I decided to bake my way through the Great British Baking Show (GBBS for short) and write about it. Don’t know much about GBBS? No worries. Check out my first blog in this series to learn more about the show and about why I decided to do this, for better or for worse (so far, mostly worse).
There are a great many things English people do better than us. (For a handy list of them, check out this clip from Love Actually.)
One thing the British don’t do better than us – is using the word “biscuits”.
I hate the word “biscuits”. They use it to mean “cookies”. They use it to mean “crackers”. They use it to mean, “biscuits” as we Yanks would typically define them.

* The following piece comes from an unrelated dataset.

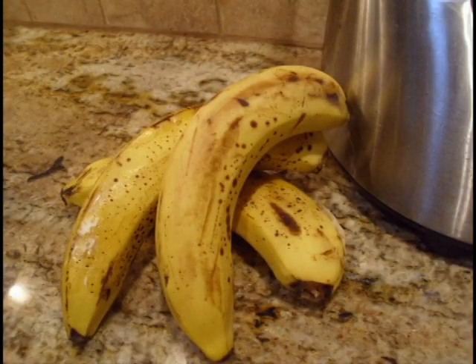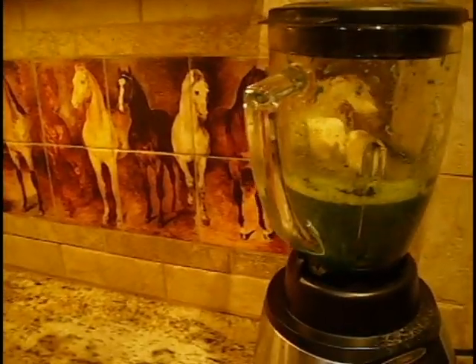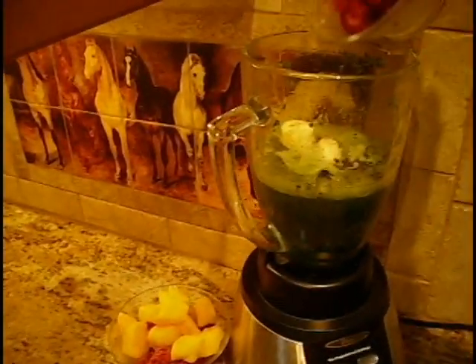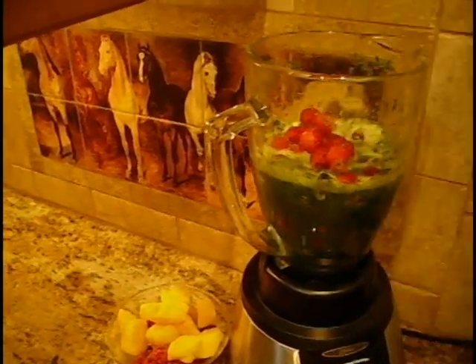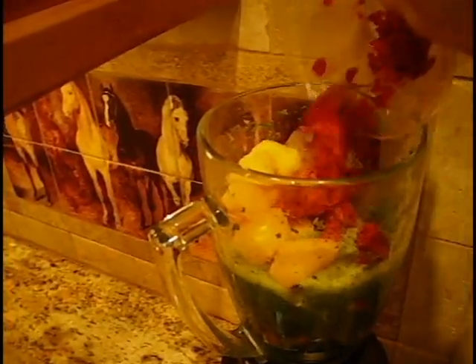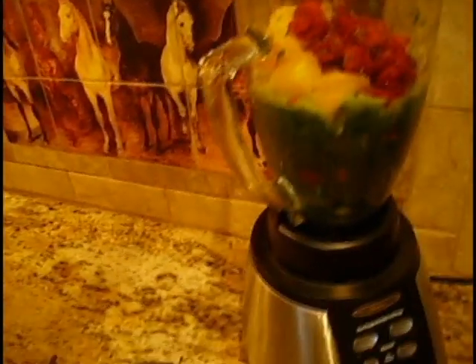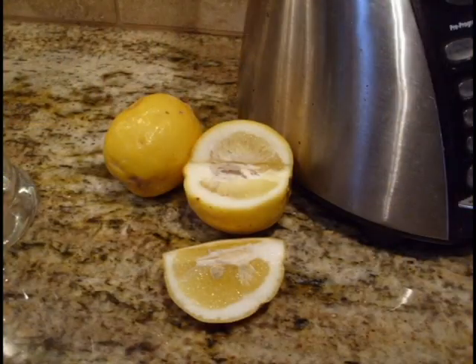Banana, although not the best for food combining, can help make your smoothie taste better. Here I'm adding strawberries, frozen mango, and frozen raspberries. You can add pineapple or papaya — if you add papaya, keep the seeds, they have great enzymes. Really any kind of fruit you like, fresh or frozen. Here's the lemon — I add the whole lemon or half a lemon, peel included.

It’s confusing. It’s annoyingly ambiguous. It has never bothered me until now. But now I’ve moved on to the second episode of The Great British Baking Show – the “Biscuits” episode, so it’s bugging me, far more than my actual baking project did.
The first task in this episode is to make “savory biscuits”. Some of the contestants made things we’d traditionally call “biscuits” and others made ones we’d call “crackers”. It was chaos. Or, you know, it was just people baking stuff.
I went official with it and used a recipe from PBS’ Great British Baking Show website. The recipe is from Paul Hollywood (my second favorite GBBS judge) and it’s called Paul’s Savory Biscuits. (Not a very creative recipe name.)
And yeah, they may be called “savory biscuits” which makes them sound vaguely fancy, but they’re not really. Don’t let the British fool you. These are just crackers, guys.
I’ve never made crackers before, and I don’t know if I’d do it again. It seems like a whole heck of a lot of work for crackers, which you know, come in a box at the store and taste just fine. That being said, as far as GBBS baking goes, this was definitely my easiest task yet which was a nice change of pace after last week’s labor-intensive Classic English Cakes debacle.
Paul’s Savory Biscuits recipe called for me to make a simple dough – just flour, salt, water, egg and a whole heck of a lot of butter. Then you split that dough in half to make two different flavored crackers – sun-dried tomato and poppy seed.
Here’s a pic of the sun-dried tomato that also has Parmesan cheese in it:
Here’s a pic of the poppy seed dough which has a bizarre amount of poppy seeds. So many poppy seeds.
Then after I rolled these bad boys out, I had to cool the dough in the fridge for 30 minutes. (A brief note about me – I don’t like to wait more than 30 minutes to eat crackers. Who does, really?)
After those 30 long (super long) minutes, I got to cut my dough out with cookie cutters. I love doing this because it makes it seem like my extensive cookie cutter collection was a smart purchase. Even if I only use the two round ones, like twice a year.
After I got good use out of my handy-dandy cookie cutters, I baked the crackers for awhile. Then I baked them a bit longer and a bit longer than that – because my oven hates me and is a liar.
When the baking was finally over, slash I got sick of waiting this long to eat crackers, I pulled the them out of the oven and they looked like this:
As you can see in the photographic evidence above, some of the crackers look quite pretty and others…not so much. But, when I arrange them on a plate like below, they all look like they’re pretty. See:
See what I did there, I cleverly hid the ugliest crackers on the bottom and then not-so-cleverly told you that I did that.
Then after I spent an embarrassing amount of time moving crackers around on a plate, I ate one of them and then I ate another. The fact that I ate more than one is notable because it’s the only GBBS bake I’ve made so far that I’ve been able to eat more than one of at a time.
(I mean, I probably shouldn’t have eaten more than one. There is a heck of a lot of butter in these guys, but I recently realized butter may be my favorite food. In this way, I’m a lot like Andy Dwyer. So yeah, give Andy and I a break. Butter’s the best, guys.)
So yeah, the crackers were sufficiently buttery enough to be good, but even then, they were just crackers.
Next week, things get a bit trickier as I will attempt to make Mary Berry’s Florentines, which are cookies. They’re cookies. I, a suitably stubborn American, am going to call them cookies even if I’m supposed to call them biscuits.
P.S. A special thanks this week to everyone who told me about the Great British Baking Show’s Masterclass series in which GBBS’s judges Mary Berry and Paul of the Savory Biscuits, bake their ways through the show’s recipes with far more skill than I do and with far less complaining about word choice.